What should I do next??

Me (22) and my boyfriend (21) have been together almost 2 years and he broke up with me last week. We met in America, I was on my college program and he worked full time at the same place. But we’ve had to do long distance since August 2019 as I had to move back home to UK to finish university.

Whilst in USA, we had lived together for a few months, been on holiday together and I even met his whole family. I honestly thought that he was the one. We spoke about our future together like where we’d live, buying a house together, kids, pets, and even talking about starting a business together... when I did move back home I was pregnant but I couldn’t keep it even though I wanted to and I also tried to tell my boyfriend about it but he never believed me.

Since I first met his friends they were all nice but there was one who I felt just didn’t like me since the beginning and it kept getting worse. Whenever me and my boyfriend would have an argument he would always tell this friend and the response would be “just leave her”.

I will admit the long distance has been quite difficult. But I feel like he made things worse for the both of us. He would ignore me for days and sometimes weeks, and always say that texting was a “chore”. As well as saying that he feels “lonely” which was his excuse for sleeping with other girls. The first was someone we both worked with (they were texting before I even moved back to the UK), the second was a school friend of his, and there were a few from tinder too. I was dumb enough to forgive him.

He’s now moved back in with his family and recently they all moved to another state, back into their old house. A couple weeks after they moved into their house, he sends me a picture saying he shaved his beard, he was also wearing a shirt which I know he only wears for special occasions. Later that night he tells me that him, his siblings and the neighbours were having a bonfire. I asked him who were these neighbours and he says “a 50 year old obese man, he’s just funny af”. I knew he was lying. He had been pushing me away and ignoring me that whole night. And when I tried to talk to him about it the next day he kept changing the subject and saying that I was overthinking.

I found out that their neighbours are actually a 19 year old girl and her younger brother. The younger brother is dating my boyfriends sister. And now that he’s broken up with me, he’s dating the 19 year old. Personally I find that kinda weird how 2 siblings date another 2 siblings. But it hadn’t even been a whole week since he broke up with me and they started dating!!!

Does he think this whole relationship was a big mistake? Does he regret the whole thing? Was it a waste of almost 2 years? Did I mean anything at all to him? Is this new girl just a rebound from our relationship? Is he just with her for a physical relationship? And even though he cheated on me, lied to me, treated me like absolute shit a lot of the time, I still want to be with him now. Am I stupid for wanting that and still loving him?

I just want to know these things and find out why and to try to get some closure but he’s literally blocked me on everything! Phone number, Facebook, Instagram...

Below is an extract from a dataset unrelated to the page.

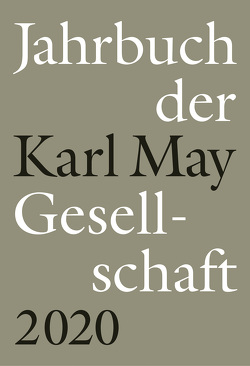 Jahrbuch der Karl-May-Gesellschaft 2020 von Roxin,  Claus, Schleburg,  Florian, Schmiedt,  Helmut, Vollmer,  Hartmut, Zeilinger,  Johannes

It’s also so tempting to message this new girl, probably cause I’m jealous as well as feeling a lot of other things right now, but also to warn her about what he’s like as us girls have to stick together and I wish someone would have done the same for me as it would have felt easier than this heartbreak. But I know that wouldn’t be such a good idea.

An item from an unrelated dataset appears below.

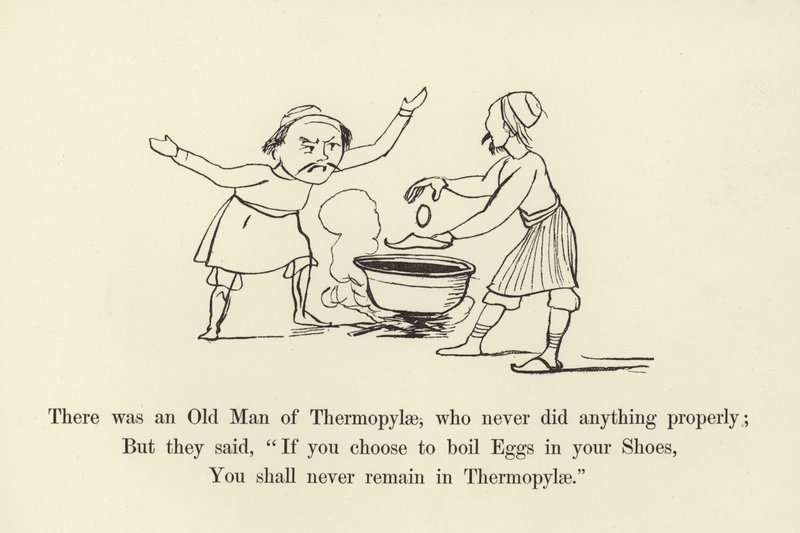 There was an Old Man of Thermopylae, who never did anything properly by Edward Lear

I understand I haven’t been the best girlfriend either during our relationship. But I have never lied to him, or cheated on him. I have only ever wanted what was best for the both of us. I always cared about him. Listened to him. Respected and supported his decisions (even when I knew it wasn’t good) and always stood by his side. He made me happy. And I know I made him happy too.

I guess I’m just posting on here to ask of what I should do next? ... How I can find those answers to the questions above? ... How can I do this without him? As we’ve literally talked almost everyday since being together? ... but also to try to speak to someone about all of it.